China says local governments owe $1.6 trillion
The biggest question regarding China's economic condition is over how it's financial future will impact other world financial powers, including the U.S. REUTERS

The debate on whether China is about to implode as the next big economic bubble bust or not continues to rage, but even the most bullish on the Asian economy must admit there's fire behind this billowing smoke cloud. The question then becomes only what the impact will be to America and other world economic powers.

Just this week, China's communist government announced that local governments in the country have piled up debts of $1.6 trillion, raising concerns of banks' health in the nation if the loans can't be repaid. The money was borrowed by local governments throughout the country during the boom period of the last decade as China's economy has emerged fast to become the world's second largest, bypassing Japan, to pay for construction and other spending.

Analysts acknowledge some local governments might not be able to repay loans, but they suggest massive default and meltdown iss unlikely since state-owned banks in China have plenty of cash and are not mortgage-debt ridden like so many Western banks that were hurt in the 2008 meltdown.
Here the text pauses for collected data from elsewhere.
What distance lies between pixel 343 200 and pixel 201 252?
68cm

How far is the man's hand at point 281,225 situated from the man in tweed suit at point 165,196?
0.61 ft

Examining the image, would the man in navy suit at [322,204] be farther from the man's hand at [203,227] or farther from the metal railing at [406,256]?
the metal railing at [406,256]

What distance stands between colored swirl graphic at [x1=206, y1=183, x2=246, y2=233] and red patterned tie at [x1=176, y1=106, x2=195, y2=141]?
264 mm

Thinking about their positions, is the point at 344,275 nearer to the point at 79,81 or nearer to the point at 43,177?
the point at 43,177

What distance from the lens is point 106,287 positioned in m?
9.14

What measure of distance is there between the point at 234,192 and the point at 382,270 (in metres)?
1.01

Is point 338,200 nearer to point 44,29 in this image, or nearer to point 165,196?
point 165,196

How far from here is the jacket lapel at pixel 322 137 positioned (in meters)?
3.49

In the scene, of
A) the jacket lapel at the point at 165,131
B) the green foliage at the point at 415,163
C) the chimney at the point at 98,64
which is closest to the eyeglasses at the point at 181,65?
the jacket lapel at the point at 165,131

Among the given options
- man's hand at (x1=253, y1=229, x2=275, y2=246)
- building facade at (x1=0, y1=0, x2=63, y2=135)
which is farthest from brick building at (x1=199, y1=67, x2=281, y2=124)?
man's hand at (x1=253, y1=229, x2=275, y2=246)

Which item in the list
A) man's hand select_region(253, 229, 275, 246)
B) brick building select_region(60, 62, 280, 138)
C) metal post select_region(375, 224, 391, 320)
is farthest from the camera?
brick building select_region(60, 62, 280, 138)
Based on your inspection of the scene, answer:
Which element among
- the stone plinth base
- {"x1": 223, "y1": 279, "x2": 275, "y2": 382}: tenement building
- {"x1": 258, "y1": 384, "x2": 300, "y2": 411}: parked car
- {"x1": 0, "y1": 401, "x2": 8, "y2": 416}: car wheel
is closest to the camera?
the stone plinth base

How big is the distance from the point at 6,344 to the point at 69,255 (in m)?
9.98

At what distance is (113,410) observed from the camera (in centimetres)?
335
Still, few officials saw the scope of the financial crisis coming that struck the U.S. in 2008, spreading globally and requiring governments including the U.S. and throughout Europe to step in with emergency spending and loan programs for banks to avoid a cataclysmic meltdown. And, even the report made by from China's communist government about the local-agency debt issue facing the country stated that some local governments in China would not likely be able to repay loans.
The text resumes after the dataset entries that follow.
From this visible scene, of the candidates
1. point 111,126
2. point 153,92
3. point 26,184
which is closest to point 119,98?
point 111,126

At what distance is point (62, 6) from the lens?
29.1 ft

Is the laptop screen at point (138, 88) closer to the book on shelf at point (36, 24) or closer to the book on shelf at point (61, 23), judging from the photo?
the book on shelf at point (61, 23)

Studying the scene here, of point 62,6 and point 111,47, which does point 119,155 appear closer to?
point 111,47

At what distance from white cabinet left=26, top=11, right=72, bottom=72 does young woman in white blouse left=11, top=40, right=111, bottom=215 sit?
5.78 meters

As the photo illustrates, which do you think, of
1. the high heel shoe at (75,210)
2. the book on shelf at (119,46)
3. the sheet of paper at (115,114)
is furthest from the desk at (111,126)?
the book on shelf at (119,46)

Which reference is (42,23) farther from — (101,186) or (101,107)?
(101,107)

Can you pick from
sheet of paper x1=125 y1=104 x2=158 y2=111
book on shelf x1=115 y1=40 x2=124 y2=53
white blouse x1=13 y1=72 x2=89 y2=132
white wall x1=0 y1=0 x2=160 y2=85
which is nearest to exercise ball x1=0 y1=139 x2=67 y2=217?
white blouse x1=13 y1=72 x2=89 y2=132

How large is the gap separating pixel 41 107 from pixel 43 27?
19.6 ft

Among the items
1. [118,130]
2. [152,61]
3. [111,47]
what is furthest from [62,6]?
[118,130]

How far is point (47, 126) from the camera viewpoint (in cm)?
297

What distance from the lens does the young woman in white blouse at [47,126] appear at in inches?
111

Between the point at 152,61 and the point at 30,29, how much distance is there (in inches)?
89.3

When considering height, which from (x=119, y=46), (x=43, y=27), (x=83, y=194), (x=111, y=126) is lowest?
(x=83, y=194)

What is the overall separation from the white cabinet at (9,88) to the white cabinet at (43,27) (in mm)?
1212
The total sum of $1.6 trillion is significant, even for China.

Due to inadequate repayment ability, some local governments can only pay their debts by taking on still more debt, stated the report, provided by China's National Audit Office.

Bank lending domestically was a significant part of China's economic stimulus package during the global recession. Beijing contributed an estimated $586 billion in stimulus, buoying the Chinese economy, yet that is only a portion of the money borrowed by local governments and agencies over the last decade. According to an Associated Press report, American researcher Victor Shih of Northwestern University estimates local government borrowing in China between 2004-2009 at $1.6 trillion.

China's state-owned banks are among the world's largest, with estimates suggesting they have $1 trillion in assets. At issue is whether or not China has a housing bubble that is set to implode, setting off spiraling effects that cause larger defaults by local governments than many officials are predicting.

Now that China has passed Japan to become the world's second largest economy and the country is the leading low-cost goods provider to the U.S., and also among the largest holders of American debt, the issue merits close watching for U.S. companies and heavily-invested individuals who could be impacted by a large scale financial meltdown in China.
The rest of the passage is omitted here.